Spiders and Voice Coils

Here is an example of a spider,/voice coil, and lead wires.  This eventually became the speaker that's pictured above.  The white glue was removed and the spider as well.  The voice coil was still good so I experimented with spiders, cones and a red Cerwin-Vega surround.
 You can see how they are glued together.  The paper cone has been removed from this assembly.  Note how the flexible wires pass through the leftover piece of cone material.

This is a JBL D-130F during the recone process, before gluing.
Can you see the clear plastic shims that hold the voice coil in place?
The copper ribbons lay onto the cone after the cone is glued in place.



Here's how the wire looks coming through the cone to the speaker terminals.
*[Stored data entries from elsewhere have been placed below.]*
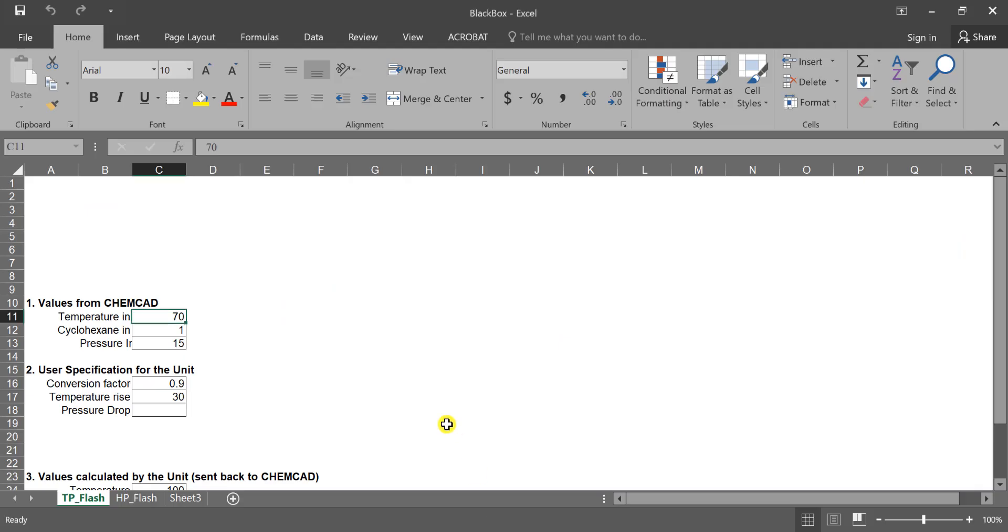Component mole flow rate of cyclohexane is going into C12, and pressure is going into C13. If we go back to our Excel sheet, we can see that the cyclohexane coming in is cell C12, and our pressure is C13.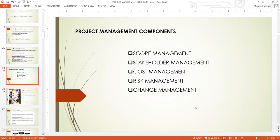We'll break it down and take it one by one, so that by the time we finish with all these components, we should be able to know how to manage a project very well. The components are scope management, stakeholder management, cost management, risk management, and change management. If you can manage these components one after the other, then you are a good project manager.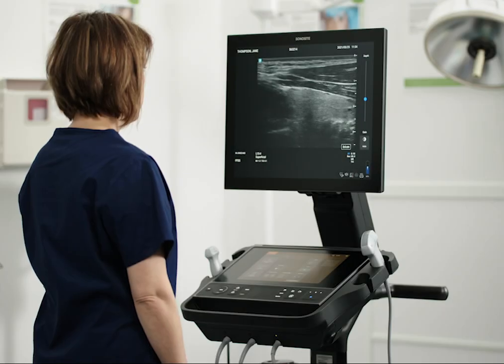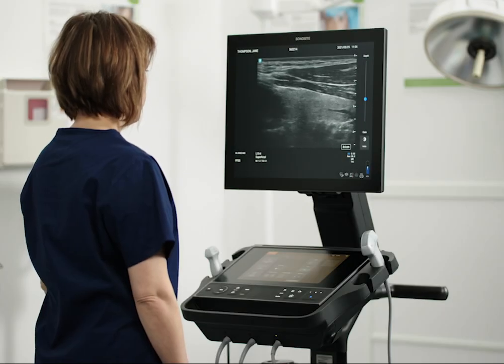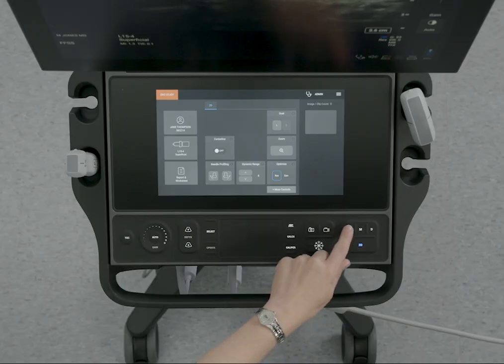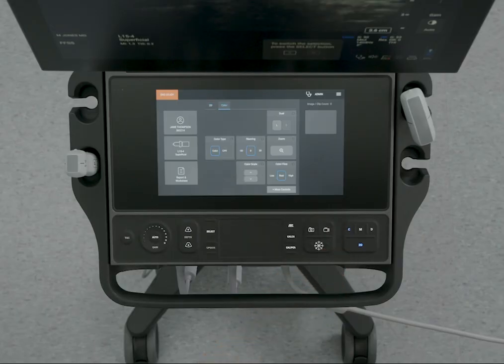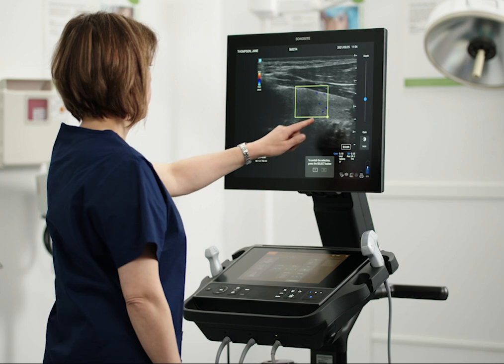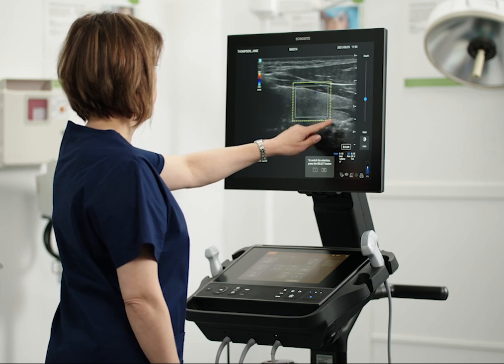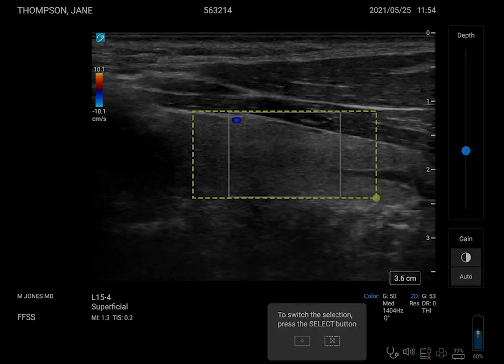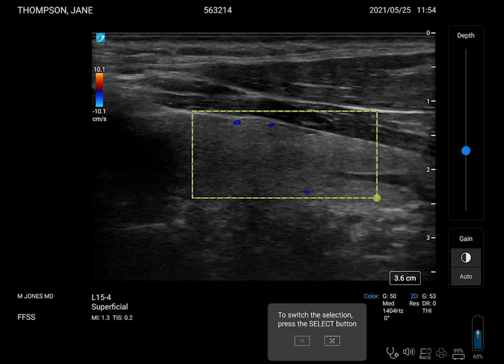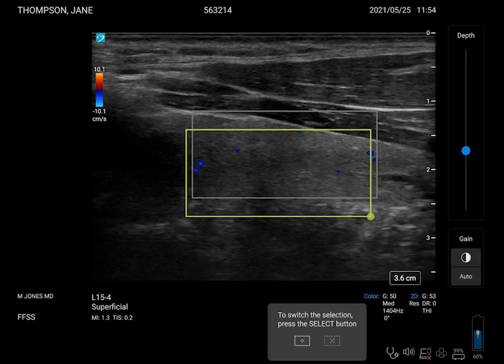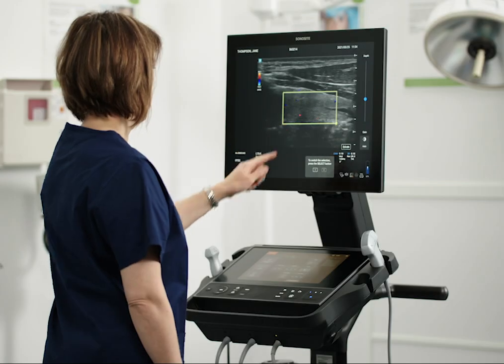Let's go back to 2D to look at color. Press C, then adjust the color parameters such as box size and placement. Use the Color Scale control to change scale.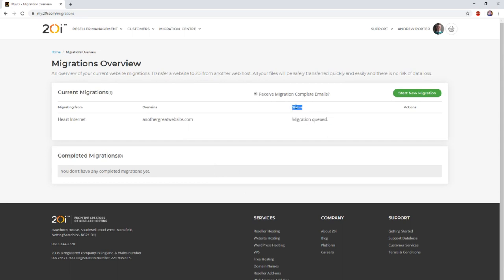Once the migration completes, you will receive an email informing you that it has done so, or you can check the status of the migration within the migration center via the status column.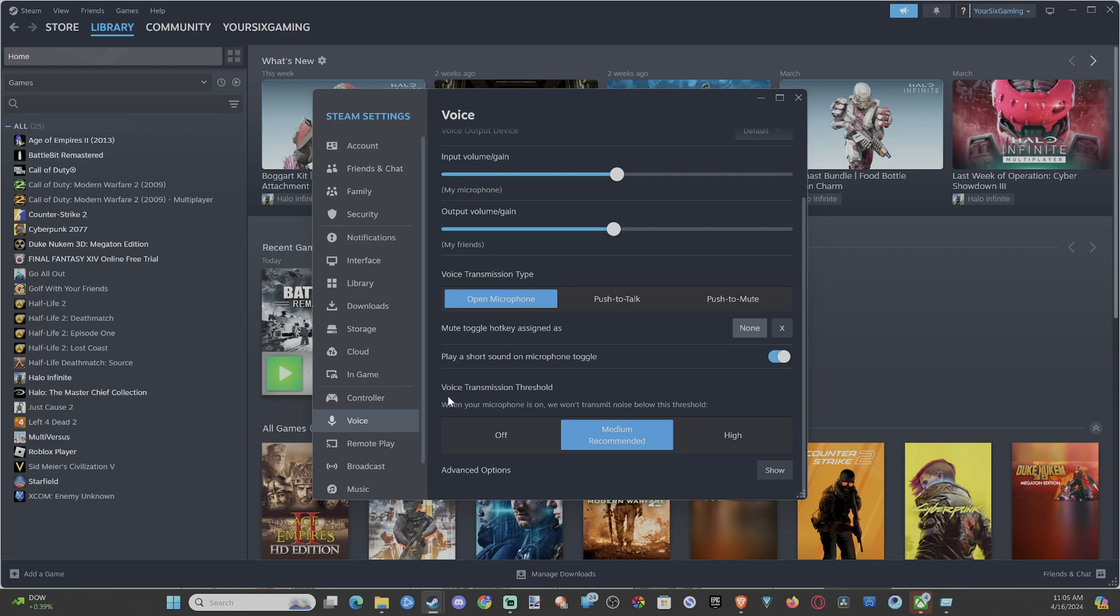And then finally, we have voice transmission threshold. And this is a noise gate. So if we have this turned off, it's going to pick up any low-end sound or high-end sound or whatever in the background. So if you're clicking on the keyboard and you have this turned off, you're going to hear everything. So you want to go to at least medium. I believe this is the default now.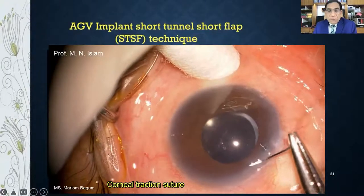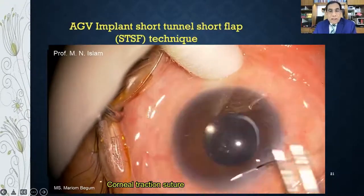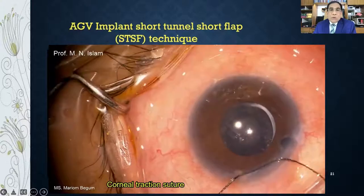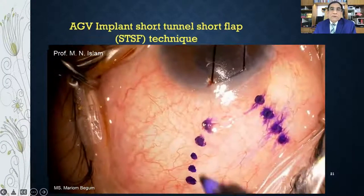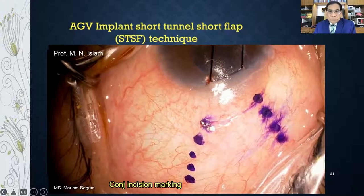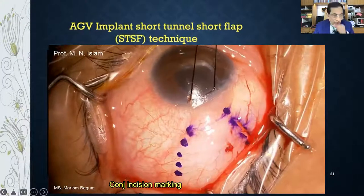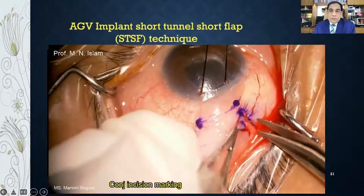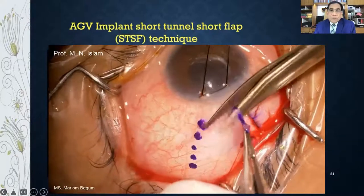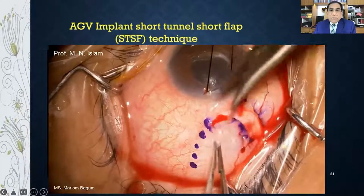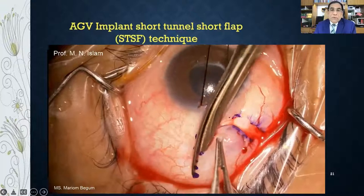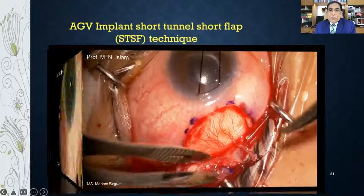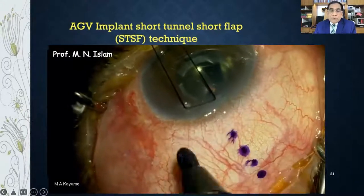Let me show a video clip of how I implant the Ahmed Glaucoma Valve using the Short Tunnel Short Flap (STSF) technique. I mark the conjunctival peritomy, doing a fornix-based peritomy. If you do not mark it, you can inadvertently cut in the wrong place. I am going from 12 o'clock toward the lateral rectus muscle for a right eye.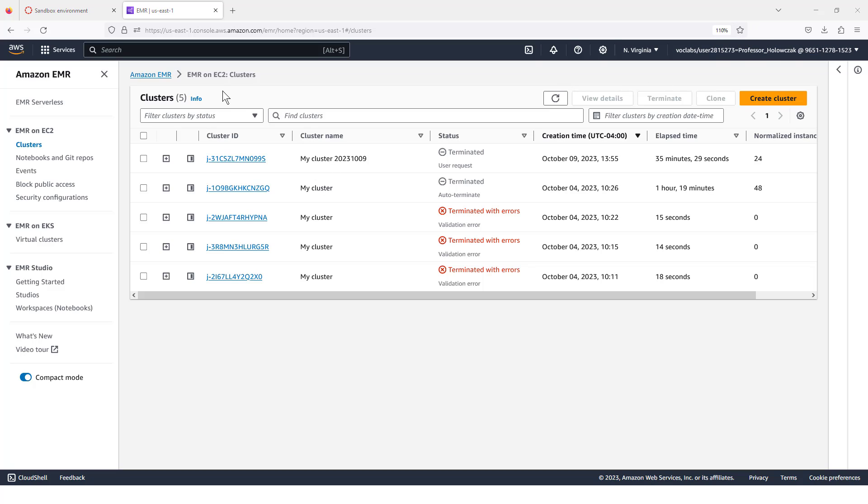So we're going to go ahead and click into EMR. In my example, I've launched many different clusters. You probably will not see any the first time you run this. That's okay. We're going to go over here and click create cluster.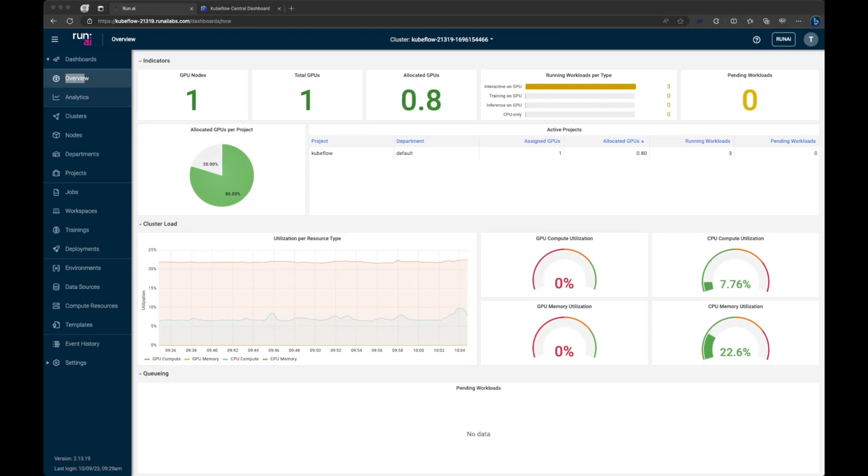As you can see from my environment here, we have a cluster with a single GPU, and right now we have 0.8 GPUs allocated within that cluster.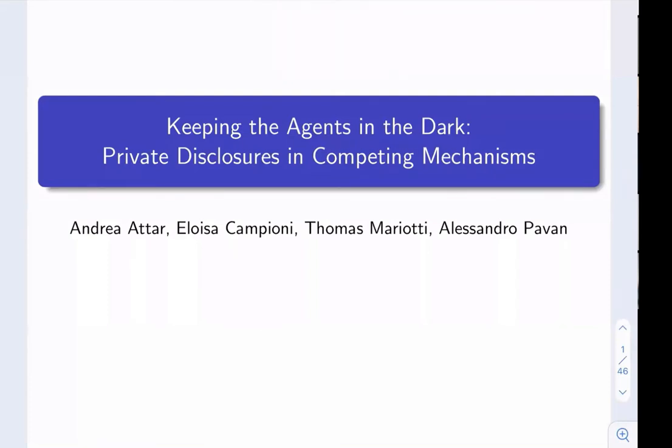Thanks so much, Helene, for having me. It's a great honor to have the possibility of presenting this work in this workshop.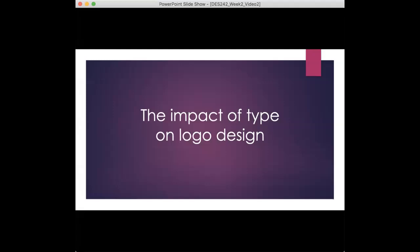Now we're going to look at the impact of type on a logo design. Think of a logo as more than a name in pretty type.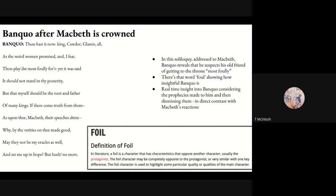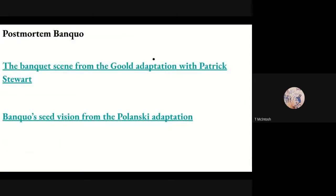And then that's it for Banquo alive — he dies. We have a brief scene where he gets a horse to his son Fleance, and then a few lines when he's murdered. We'll watch the Gould adaptation with Patrick Stewart and the Polanski adaptation from 1971. But Banquo never truly leaves the stage — he's always there as James I's progenitor, as the father of the Stewart kings, as the man who gives them the right to rule England. He always stays there as the father of the kingdom.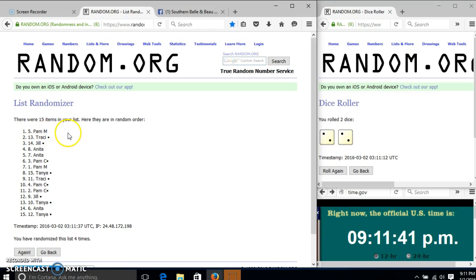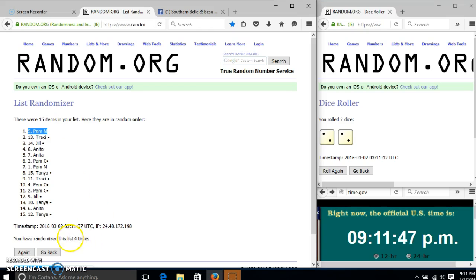Congratulations, Pam McAndrews. You are the winner. We have 15 items in our list. Spot number 5, Pam McAndrews is our winner.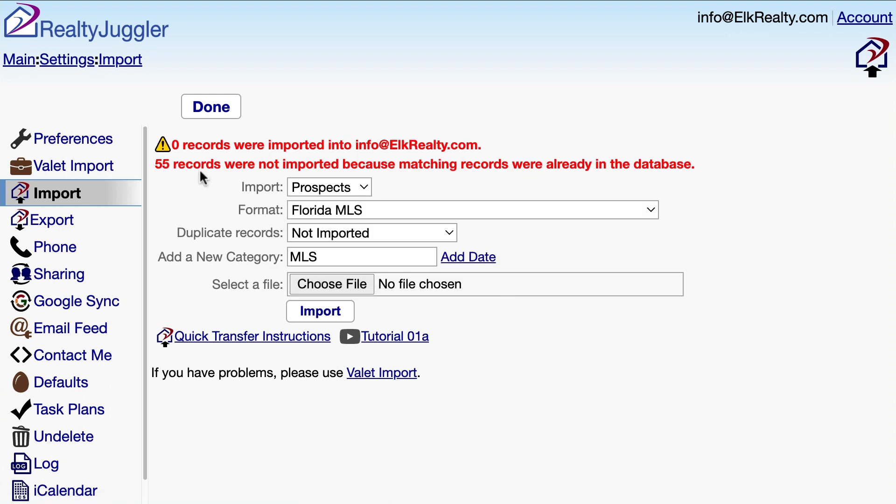The message in red and in bold explains that zero records were imported and 55 records weren't imported, as they were already there. That makes sense, as I just had the RealtyJuggler folks import this data for me — there's nothing new in this file. In a month, I'll sign into my MLS and export my data again. This time, that data will contain new records, and I can follow these same steps to load new data into RealtyJuggler.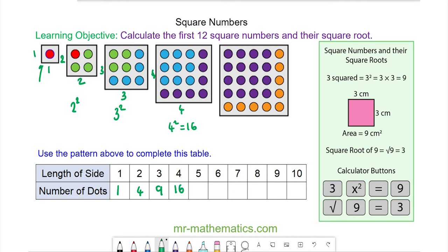Do you want to try and work out the square numbers by either counting the number of dots in each square or finding the area of each square? You can pause the video and resume it when you're ready.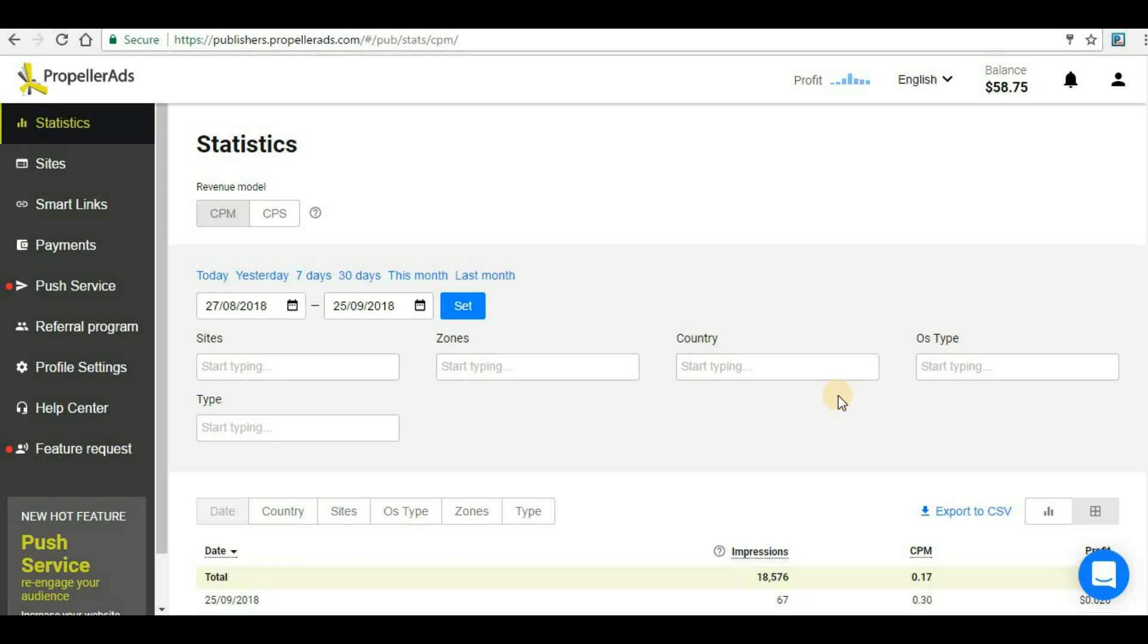Hello guys, welcome back to my channel High Profit Income, and this is the third video tutorial under a series where we are discussing how a webmaster can earn money from their website. So in the previous video we saw how we can add a website in Propeller Ads and we saw how easy it was.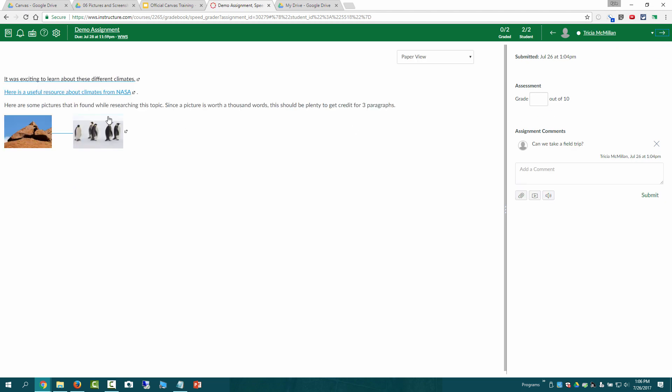But with the other student here they were able to add some links to a different website and to post in some pictures as a resource to kind of support what they wanted to do.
Working EV coil, Weber spider and flex wire, salvaged cone.
If you're lucky, you can find a pre-assembled speaker recone kit that looks something like this one by searching for 'recone kits'.
Except I didn't glue on the surround yet in this photo, which would be included in a pre-glued kit.
The surround goes around the edge of the cone and is glued to the frame at the same time as the spider.
The white stains on the coil are from fumes given off by the super glue.
I use a slow setting, 1 to 5 minutes, rubberized cyanoacrylate by Loctite to attach the coil,cone and spider to each other.  This must be done withe parts carefully alligned in the correct position on the frame with shims holding the voice coil in place. The coil of wire must be centered in the magnetic field.
This unit was fitted to an EV 12" frame.


This is what happens to a voice coil when the magnet shifts in a Mackie horn driver.


You can see that the gap is a different size in the two photos.  Maybe not so obvious but the voice coil was pinched and the only way to fix  this is to have a very large and expensive machine to demagnetize the
magnet, re-position it and glue it, then re-magnetize. I just got a new one instead for $75.  Don't bother with shifted magnets unless you have an extremely rare and valuble speaker that can't be replaced.






The speaker cabinet must have taken a violent fall to break off this part of the horn and shift the magnet.


I was able to solder that tiny wire on this vintage hi-fi tweeter..
You can't tell by the pic but that coil is only about a half inch accross.